En makbul ikram şüphesiz ki sudur. Bu makbuliyetine binaen uğrunda savaşlar dahi çıkmaktadır. Yine bu makbuliyetine binaendir ki Kur’ân-ı Kerim’de ‘su’dan 63 defa bahsedilmiştir. Ayrıca israf edilmemesi emri verilmiştir.
Yine Kur’ân’a göre her şey ondan yaratılmıştır.1 Ve özellikle insanın da sudan yaratıldığı bildirilmiştir.2 Ayrıca yeryüzünün dirilişi de su iledir.3 Günümüzde küresel ısınma dolayısıyla başlayan iklim değişiklikleri ve kuraklıklar suyun önemini biz insanlara tekrar hatırlattı. Bugüne kadar BM tarafından hazırlanan raporlarda dünya nüfusunun yüzde 40’ını barındıran yaklaşık 80 kadar ülkede ciddî su sıkıntısı çekildiği ve bunun sayı olarak 1.2 milyar kişi olduğu pek dikkatimizi çekmiyordu.
Allah korusun, susuzluk korkusu artık bizi de sarmış durumda. Nimetler içinde iken pek farkında değildik. Evet su nimeti olmazsa yeryüzü de dirilmiyecek ve baharda bir sofra tarzında bize sunulan nimetler de yok olabilecek. Ve hiçbir şeyin bir anlamının olmadığı bir manzara. Saraybosna, savaş yıllarında susuzluğun ne demek olduğunu bildikleri için Amina Kupusoviç “Savaş günlerinde bir bardak su çok şey ifade ediyordu. Suya güçlükle uzaktaki kaynak veya çeşmelere kilometrelerce yürüyerek ulaşıyorduk. Bu yolda pek çoğumuz hayatını kaybetti. Ve şunu ilâve ediyor: “Allah’ın bize olan bu bağışını korumalıyız.”

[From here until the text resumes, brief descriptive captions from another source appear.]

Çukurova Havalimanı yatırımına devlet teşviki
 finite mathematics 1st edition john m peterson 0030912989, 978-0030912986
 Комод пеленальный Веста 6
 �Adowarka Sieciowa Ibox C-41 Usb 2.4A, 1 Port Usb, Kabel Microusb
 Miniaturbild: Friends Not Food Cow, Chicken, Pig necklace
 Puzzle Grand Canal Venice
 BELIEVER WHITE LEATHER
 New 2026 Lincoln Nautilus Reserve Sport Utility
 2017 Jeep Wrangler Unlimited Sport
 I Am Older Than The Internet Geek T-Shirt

Evet gökten indirilen ve musluğumuzu çevirdiğimizde hizmetimizde olan bu bağışı korumak elimizde. Bu da küfrani nimette bulunmamakdır. O da Cenâb-ı Allah’ın emrettiği gibi iktisatla kullanmaktır. Gerçi bugün artık başka çaremiz de kalmamıştır. Çünkü özellikle büyük şehirlerde yaşayanlar ciddî bir su sıkıntısıyla zaten karşı karşıyadırlar. Bu emri, nimetin bol olduğu zaman yapmalıydık. Şimdi artık mecburuz. Meselâ bazı haberlerde Ankara’nın durumu için “Ankara’da ohal” ifadeleri kullanılmaya başladı. Bunun neticesi olarak da ASKİ’nin bazı tedbirler alacağından bahsediliyor. İstanbul ve İzmir’i de aynı tehlikeler bekliyor. Öyleyse tek çare iktisatlı kullanmak.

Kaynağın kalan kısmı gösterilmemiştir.